▶ _WORK ORDER_
Set down each line from the line holding "Mountains & Lake" to the last line of the entries below, exactly, with both ends included and without pictures.
*** RECORD EXTRACTS
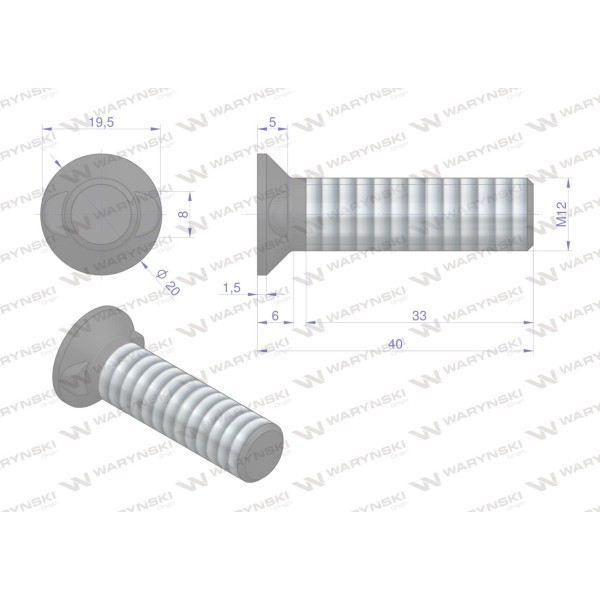 Śruba płużna dwunoskowa M12x40 mm 173121240/KG | Exvi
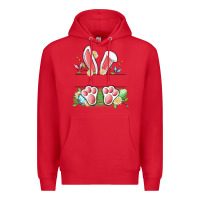 Red easter bunny name frame Premium Hoodie - Artiststas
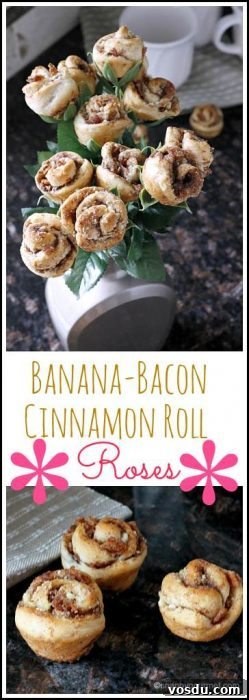 Banana Bacon Cinnamon Roll Roses: Sweet Savory Pastry Blossoms 2 Banana Bacon Cinnamon Roll Roses recipe - special easy breakfast treat for the best Father's Day! SnappyGourmet.com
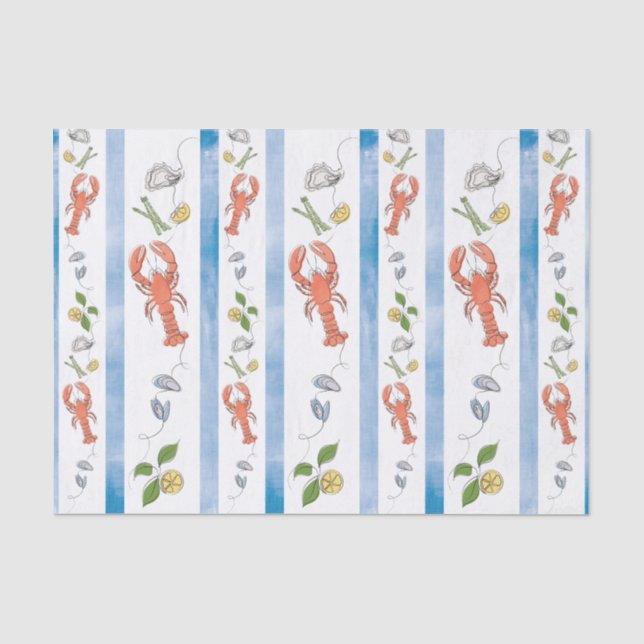Lobster Nautical Seafood Lemon Citrus Watercolor Tissue Paper (Front)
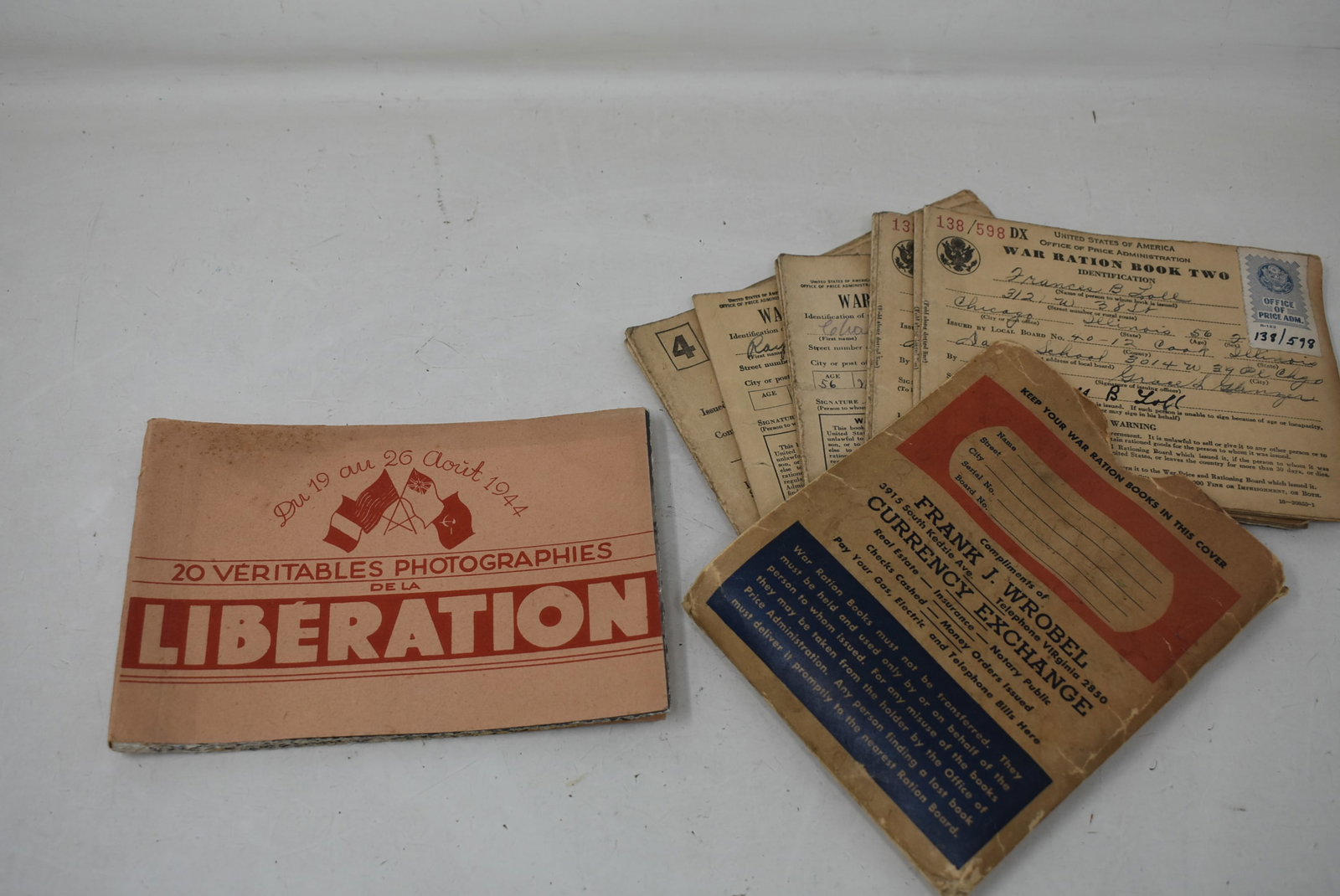 WWII Ration Books & 1944 French Liberation Photo Book (1 of 4)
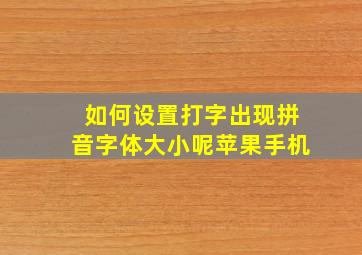 如何设置打字出现拼音字体大小呢苹果手机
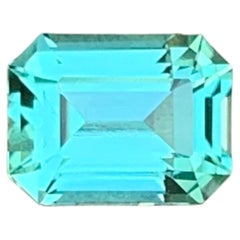 Lagoon Color Natural Emerald Cut Tourmaline Gemstone for Jewellery 7mm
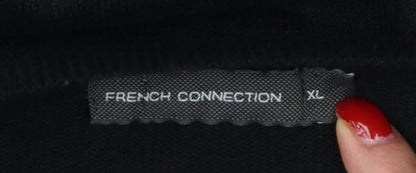 Brand and care label for French Connection Men's Black XL Crew Neck Logo Knit jumper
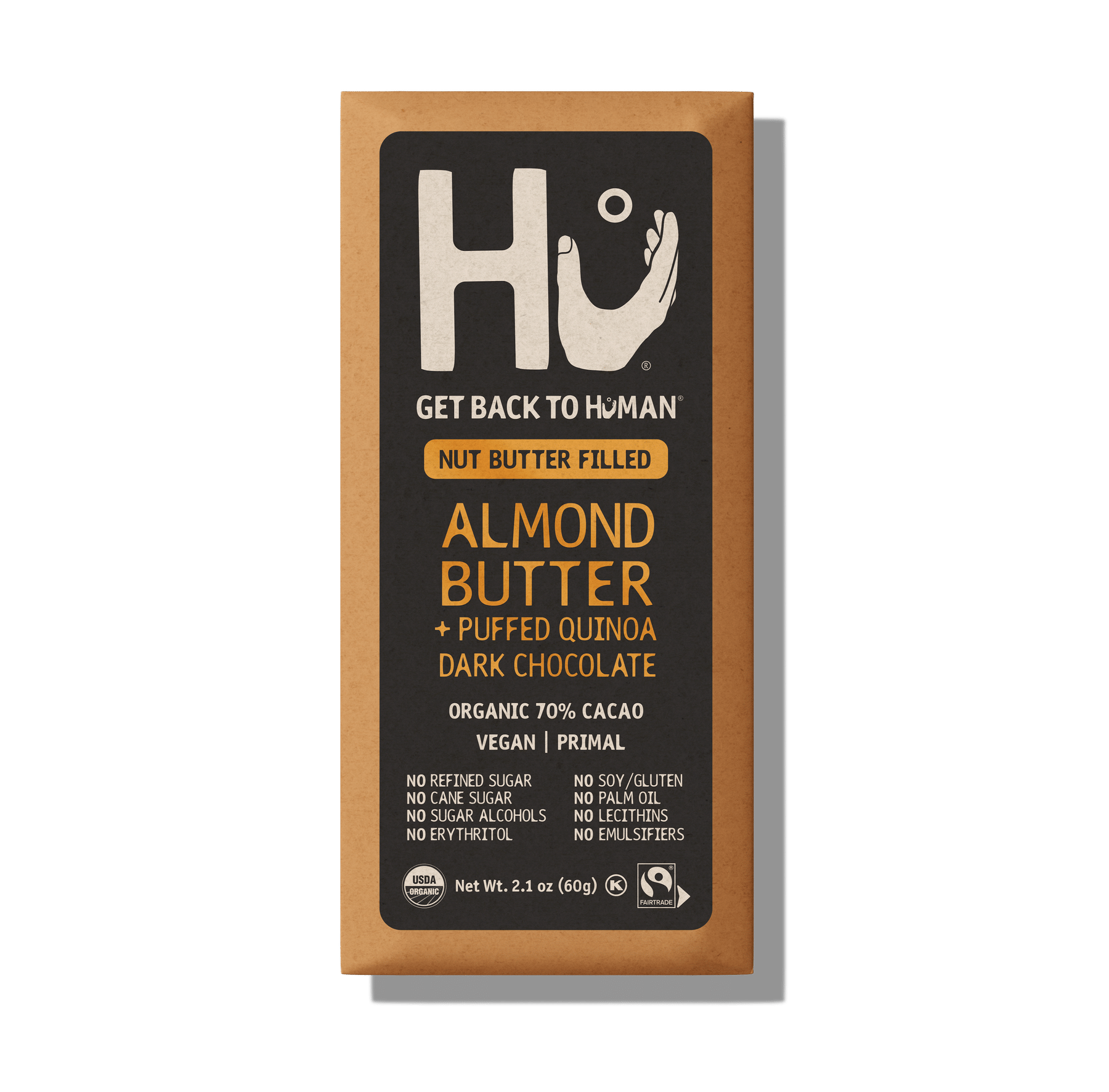 Almond Butter + Quinoa Crunchy Dark Chocolate Bar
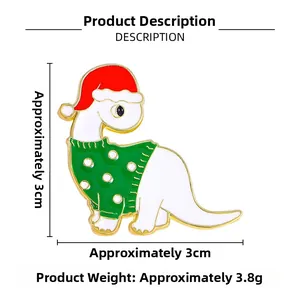 Tableau de taille détaillée pour pin's dinosaure de Noël 3cm poids 3,8g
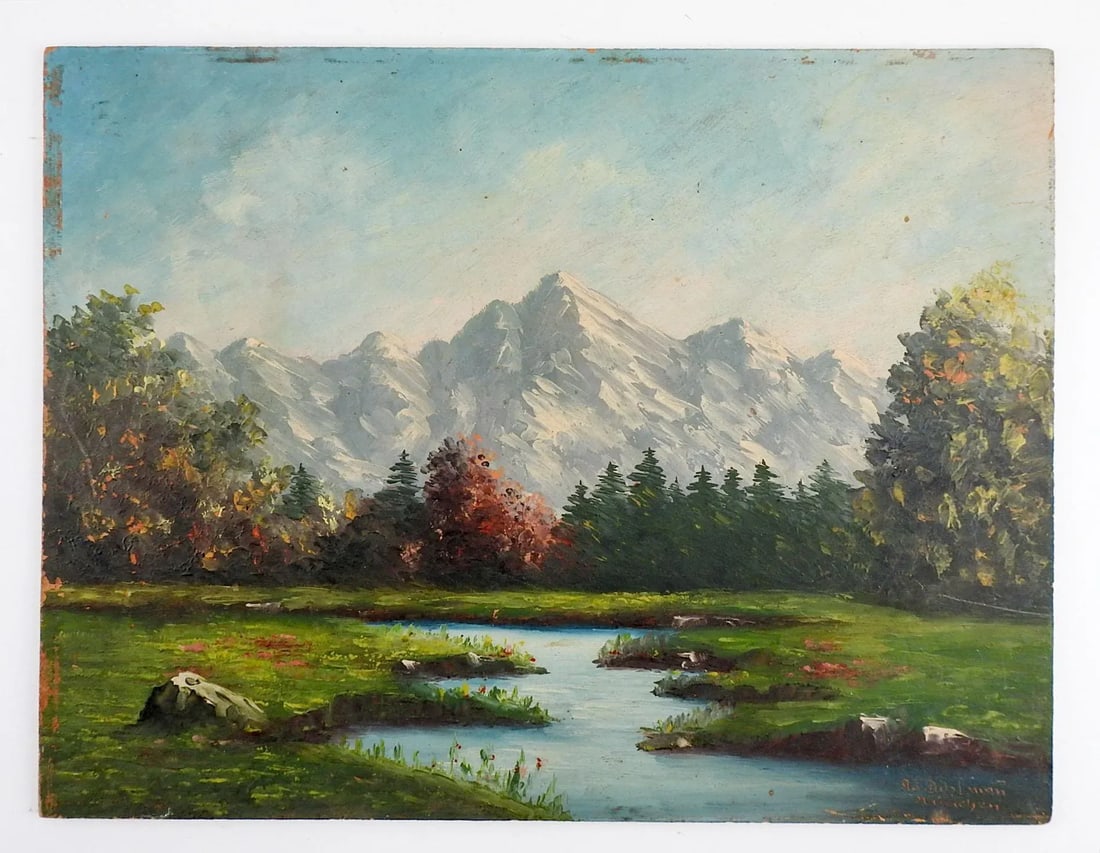 Mountains & Lake Impressionist Landscape Painting - 2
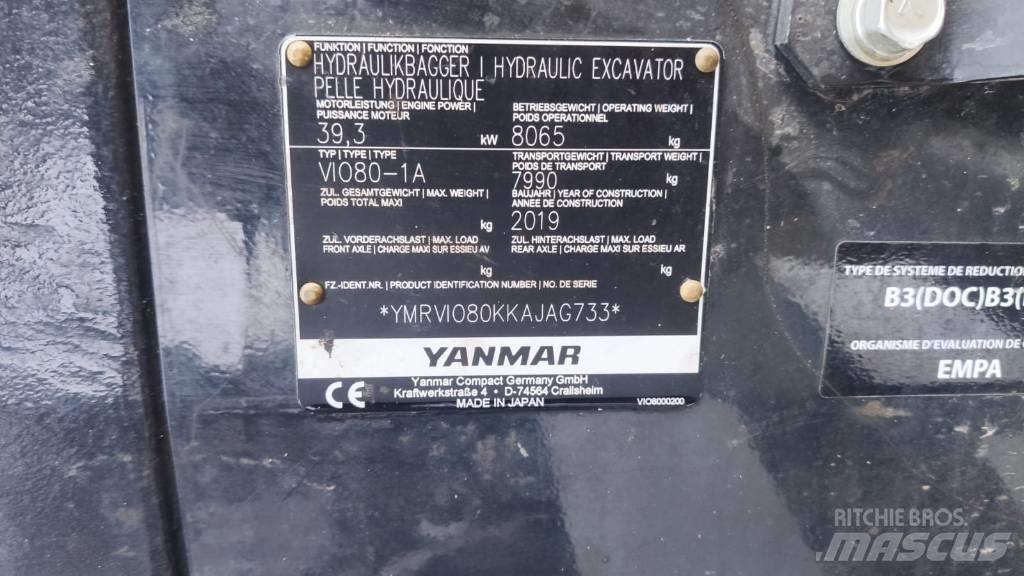 Yanmar Vio 80-1A Середні екскаватори 7т. - 12т.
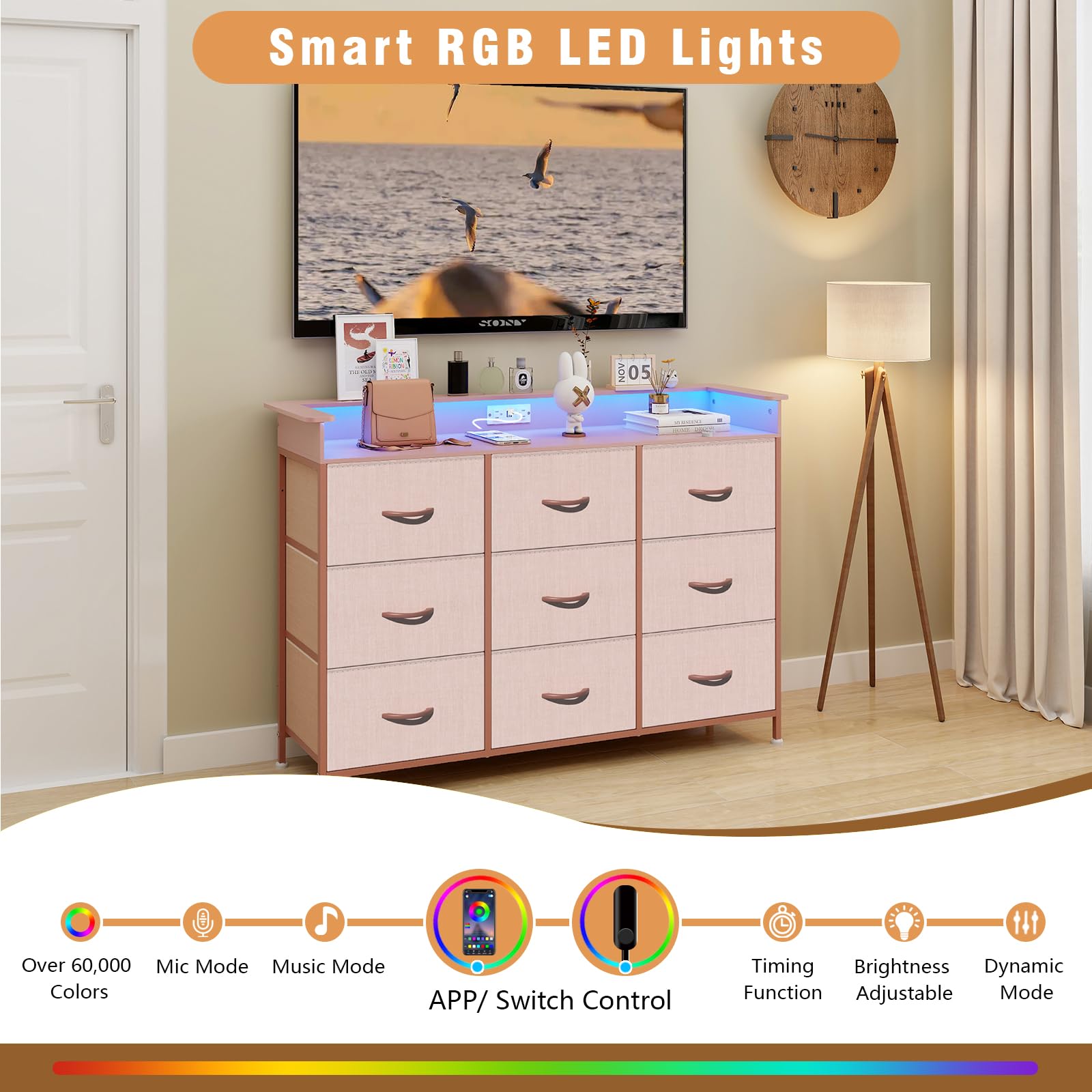 9-Drawer Dresser with LED Lights and Charging Station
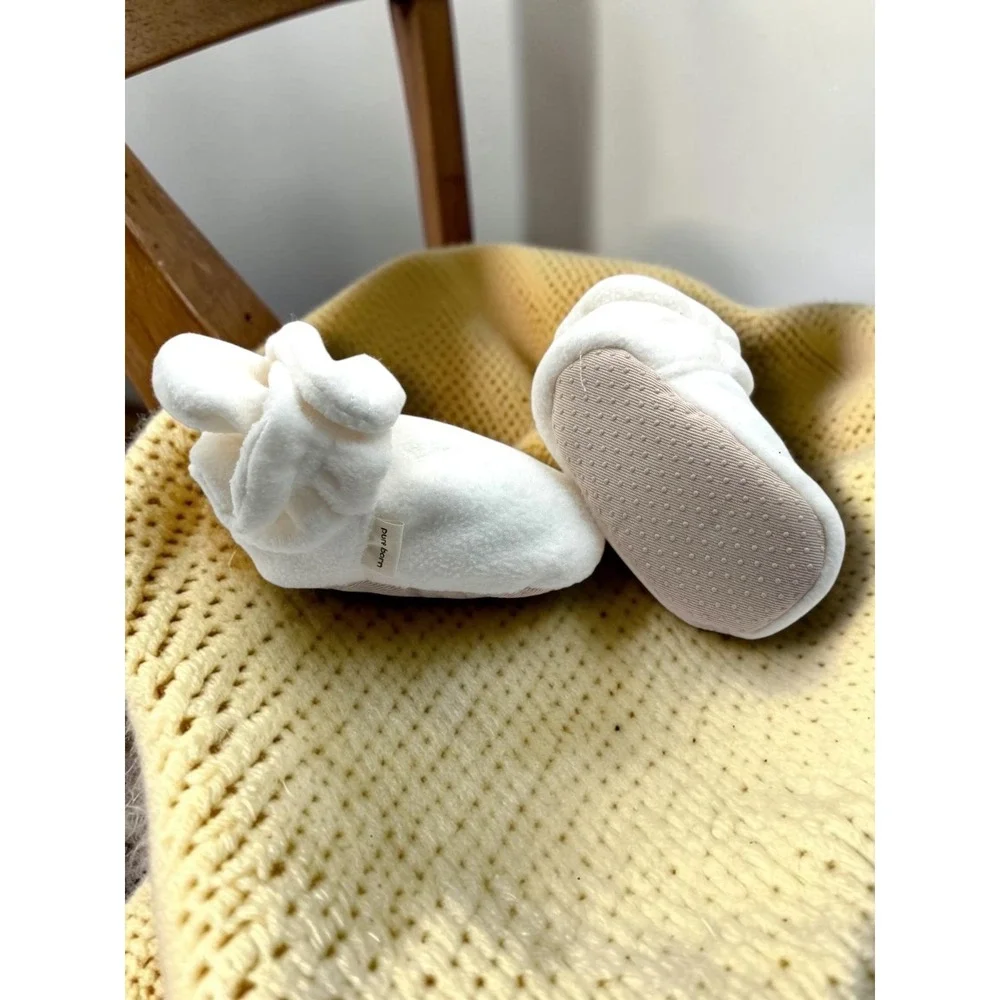 Pure Born Fleece Non Slip Ankle Wrap Stay On Baby Booties Off White Infant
******
▶ _YOUR SOLUTION_
 Mountains & Lake Impressionist Landscape Painting - 2
 Yanmar Vio 80-1A Середні екскаватори 7т. - 12т.
 9-Drawer Dresser with LED Lights and Charging Station
 Pure Born Fleece Non Slip Ankle Wrap Stay On Baby Booties Off White Infant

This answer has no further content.